The State’s Charge for Administering the Municipal Sales Tax

When a Texan purchases a product that is subject to the state and local sales tax, the merchant collects the entire tax due and remits it to the state comptroller. The comptroller, in turn, remits the local share back to the appropriate local government (city, metropolitan transit authority, county, and/or special district). For providing this service and for performing other administrative, enforcement, and reporting duties, the comptroller deducts two percent of the local share of the sales tax and deposits that amount in the state’s general revenue fund.

The two-percent fee is high compared to the same fee in other states. The Texas Municipal League recently conducted a survey of the 24 states in which all cities may adopt a local-option sales tax; 16 states participated in the survey. Only one state charges more than two percent. Another state charges actual cost, not to exceed two percent. All the other states charge one percent or less; five states impose no charge at all.

In Texas, the two-percent fee generates $112.3 million annually.
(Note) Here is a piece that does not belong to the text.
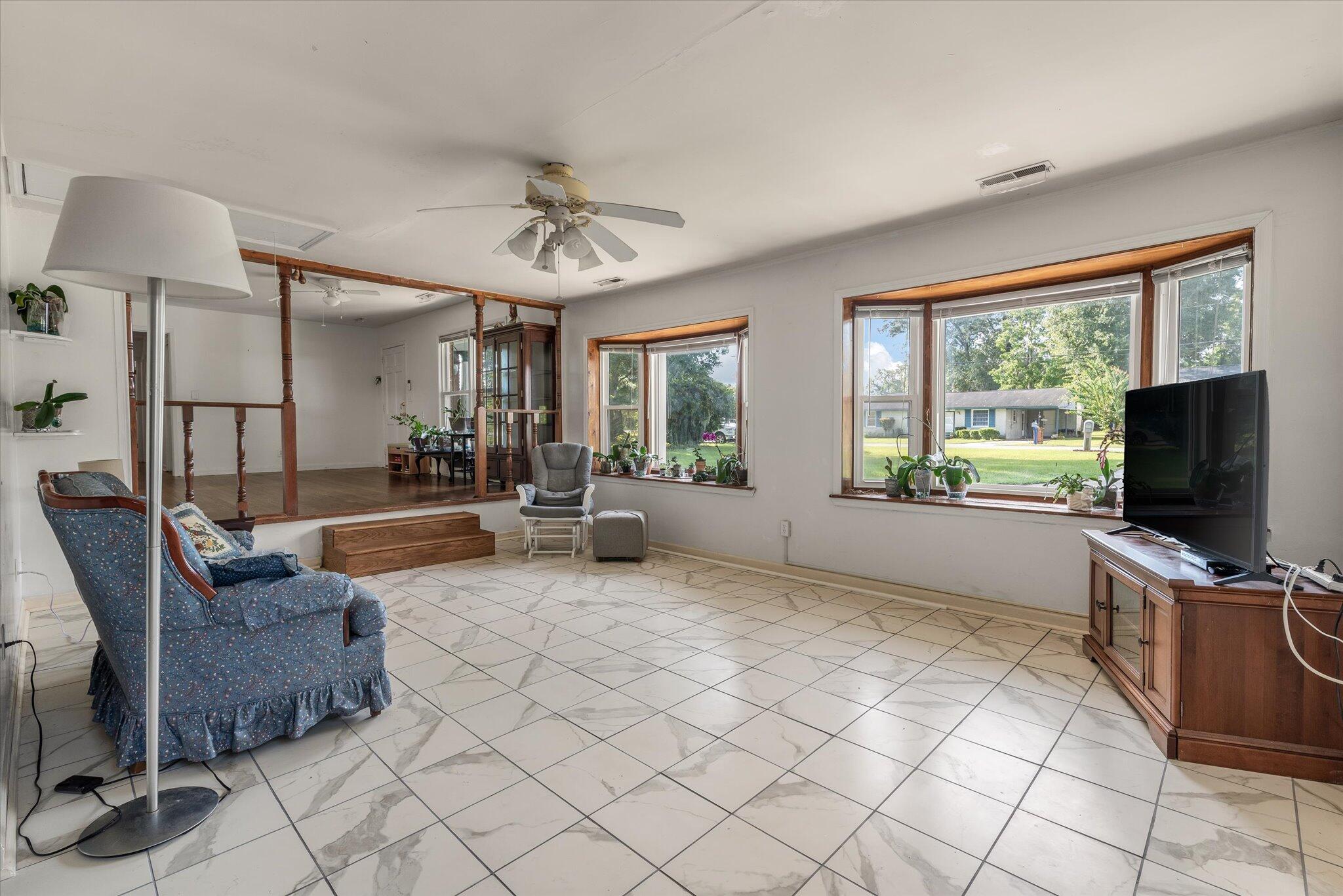 2910 Bolton Road Charleston, SC 29414 - Photo 6 of 19 11-2910 Bolton-17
How much is paid by cities?

Cities
$76.4 million
Transit Authorities
$25.7 million
Counties
$6.7 million
Special Districts
$3.5 million

In mid-2008, TML undertook an effort to determine how much the comptroller’s office spends annually to provide sales tax services to local governments. The comptroller’s office informed TML that “(t)here can be no separate accounting of what costs are ultimately attribudiv to local tax administration that would not be arbitrary and potentially misleading,” and went on to note that the “Office of the Attorney General, the Legislature itself and other state entities are all involved in the process” of local sales tax administration.

Although the comptroller can’t calculate the total cost of providing local sales tax administration, it is instructive to calculate the extent to which the revenue generated by the two-percent local government fee covers the comptroller’s total annual expenditures for all activities.
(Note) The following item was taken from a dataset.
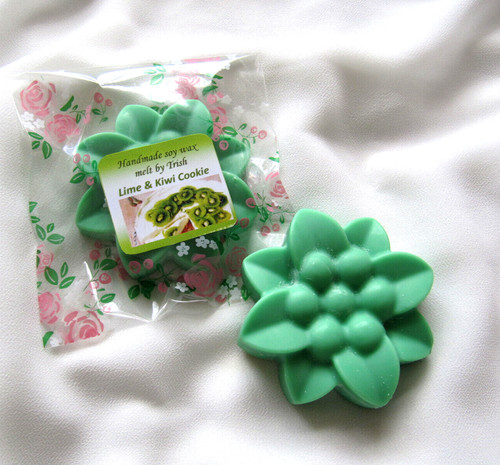 Fruity lime kiwi cookie - kiwi,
For the current fiscal year, the comptroller’s baseline budget is $220.3 million. Thus, the total local government fee of $112.3 million is enough to cover nearly 51 percent of the entire agency’s total expenses, and the city share alone covers nearly 35 percent.

Texas Commission on Environmental Quality (TCEQ) Fees

According to its Web site, the mission of the Texas Commission on Environmental Quality is “to protect our state’s human and natural resources consistent with sustainable economic development,” and the agency’s goal is “clean air, clean water, and the safe management of waste.”
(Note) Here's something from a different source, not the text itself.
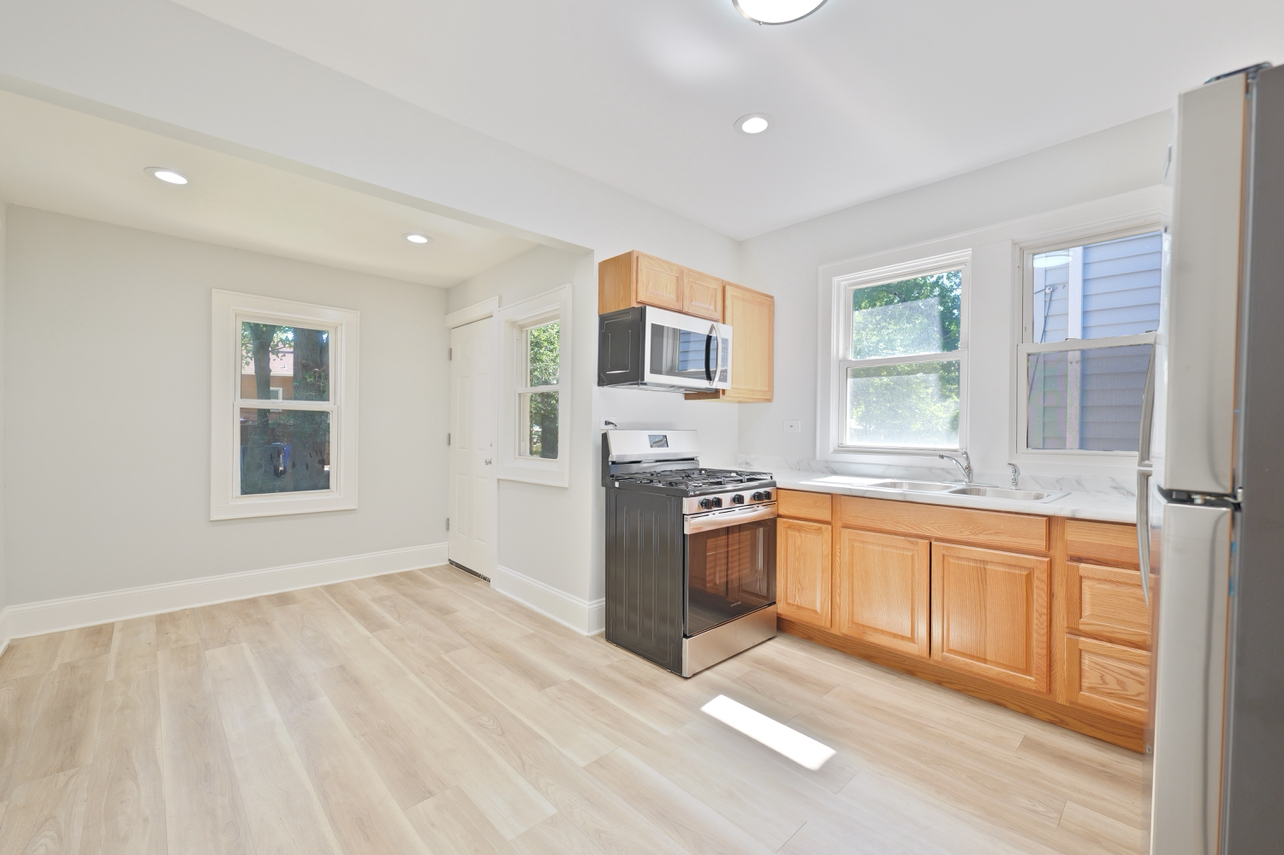 12127 S Normal Avenue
One would think that this mission and set of goals would merit substantial funding from the state’s general revenue fund. That’s not the case. The TCEQ Web site reveals that the agency’s revenue comes from the following sources:

State General Revenue
1.94%
Federal Funds
7.61%
Program Fees
88.41%
Other Sources
2.03%

Just who pays the “program fees” that constitute the lion’s share of TCEQ revenue? To a great extent, cities do.

The agency imposes more than 40 different fees on cities; roughly 20 are related to water quality. The revenue from these fees is used to pay for the costs of regulating cities under either federal or state law or both. In other words, cities pay TCEQ to regulate them.

Of all the fees, the two that have most impact on cities are the consolidated water quality fee (CWQF), which is imposed on wastewater treatment facilities, and the public health service fee (PHSF), which is paid by suppliers of public drinking water. For those two fees alone, cities paid the following amounts in the most recent state fiscal year:

CWQF
$7.9 million
PHSF
$4.2 million

Other fees paid by cities (the water quality permit application fee, stormwater permit fees, the solid waste disposal fee, and others) add considerable amounts to state coffers. In fact, cities (through the payment of fees) generate more revenue for TCEQ than does the state's general fund.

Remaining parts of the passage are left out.